Portuguese-language news agency Lusa recently reported on a new study by City University of Hong Kong professors, who suggested that junkets have evolved from their early renegade incarnations to a more corporate philosophy in which violence – whether to settle differences with rival operators or to collect debts from customers – is viewed as an absolute last resort.

The study, which was compiled over a period of three years from interviews with junket operators, triad members, casino staff and law enforcement officials, acknowledges that not all junkets are linked to triads but that such links are helpful to ensure gamblers recognize that their debts – which are legally unenforceable on the Chinese mainland – must be honored.

Casino management also reportedly takes a junket’s triad connections into account to ensure that a junket can maintain order at the VIP rooms under its control, although casinos are likely to shed ties to junkets that garner a reputation for violence rather than risk blowback from gaming regulators.

Macau’s Gaming Inspection and Coordination Bureau responded to the study by telling Lusa it had yet to identify “any triad being selected by casinos for work related to gaming rooms” but promised that it would take the “needed measures” if any such links could be proven.

MACAU VIP ROOMS A LOUSY WAY TO GET MONEY OUT OF CHINA
The Hong Kong study also claimed that Macau’s VIP rooms allowed Chinese syndicates to launder ‘dirty’ money by engaging in simultaneous play at the same commission-free baccarat table.

The scam reportedly works like this: one player will bet a sum on the banker bet, while another player will wager the same amount on the player bet.
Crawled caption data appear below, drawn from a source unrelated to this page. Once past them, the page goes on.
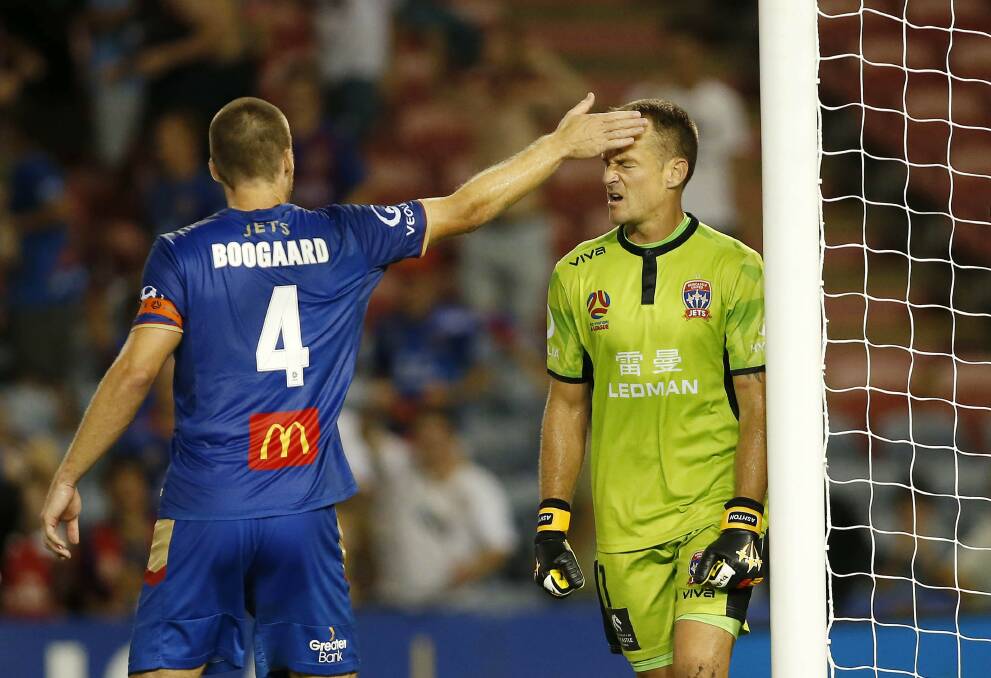 Glen Moss gets a pat on the head from skipper Nigel Boogaard after his penalty save.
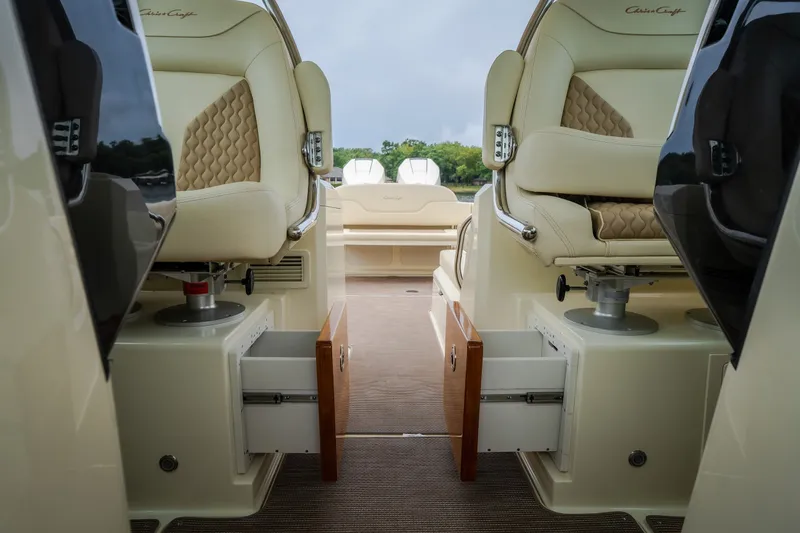 Slide: The Image of Luxurious interior of 2024 Chris-Craft Calypso 32 boat with plush seating and storage. - 58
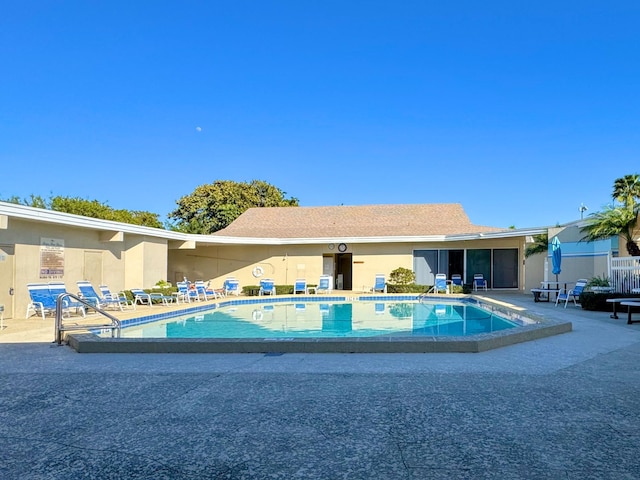 view of swimming pool with a patio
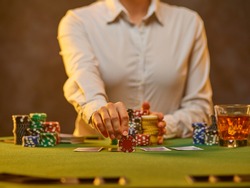 A croupier in a white uniform shirt lays out gambling chips on the table. The cards are on the table. Gambling business, pastime, leisure. Close-up. Brownish green tones.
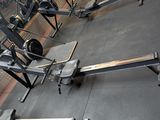 a picture of a gym room with a bench and weights
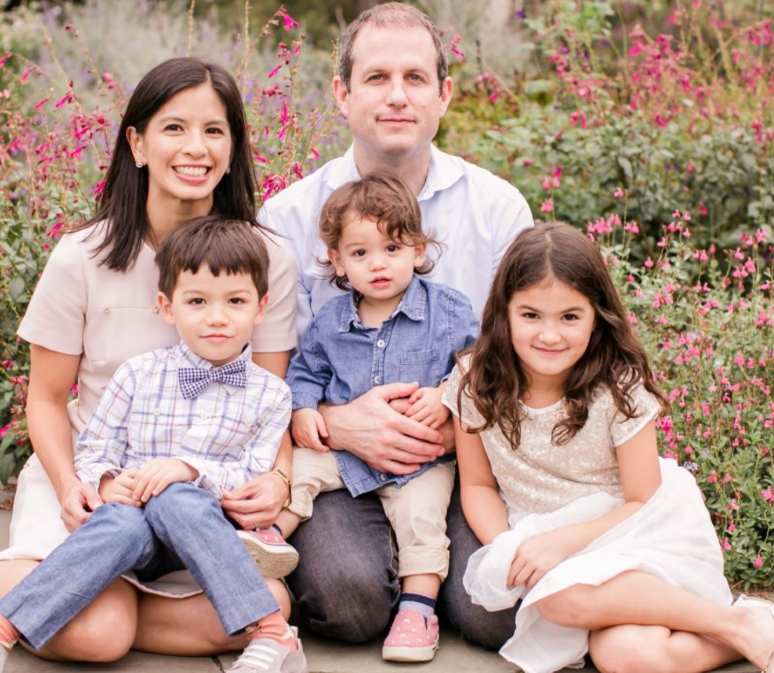 Image of a broadcast journalist., Ylan Mui and her family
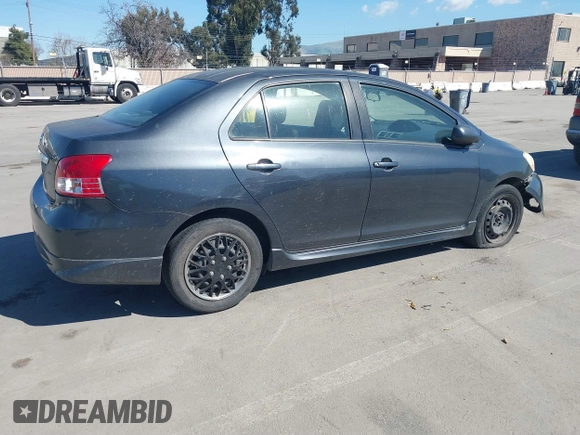 2007 Toyota Yaris with VIN JTDBT923371105048, listed as a IAAI auction lot 41759923 with 166,458 mi miles. Bid and sale history available at carsss.com. Image 4.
Regardless of which bet pays off, the net result is a draw and the syndicate now has ‘clean’ money.

However, a new report by Sanford C. Bernstein analysts suggests that Macau VIP rooms represent one of the least efficient ways for wealthy Chinese to evade their country’s capital controls. The brokerage examined 12 different ways of moving large sums of money off the mainland, and junkets were found to offer a “prohibitively” expensive process compared to other methods.

The Bernstein report noted that junket customers are traditionally expected to lose between 2.7-3.0% of their betting volume and that each dollar provided by junkets is expected to be rolled 5-7 times (often more), resulting in a net loss to the player over time of between 12% and 22% of the buy-in.

Bernstein noted that this premium was far higher than the price of dealing with China’s underground banks, which typically charge a commission of around 1.3% for a ‘match-making’ service i.e. connecting a mainland individual hoping to convert a yuan deposit into foreign currency with another individual looking to convert foreign currency into yuan.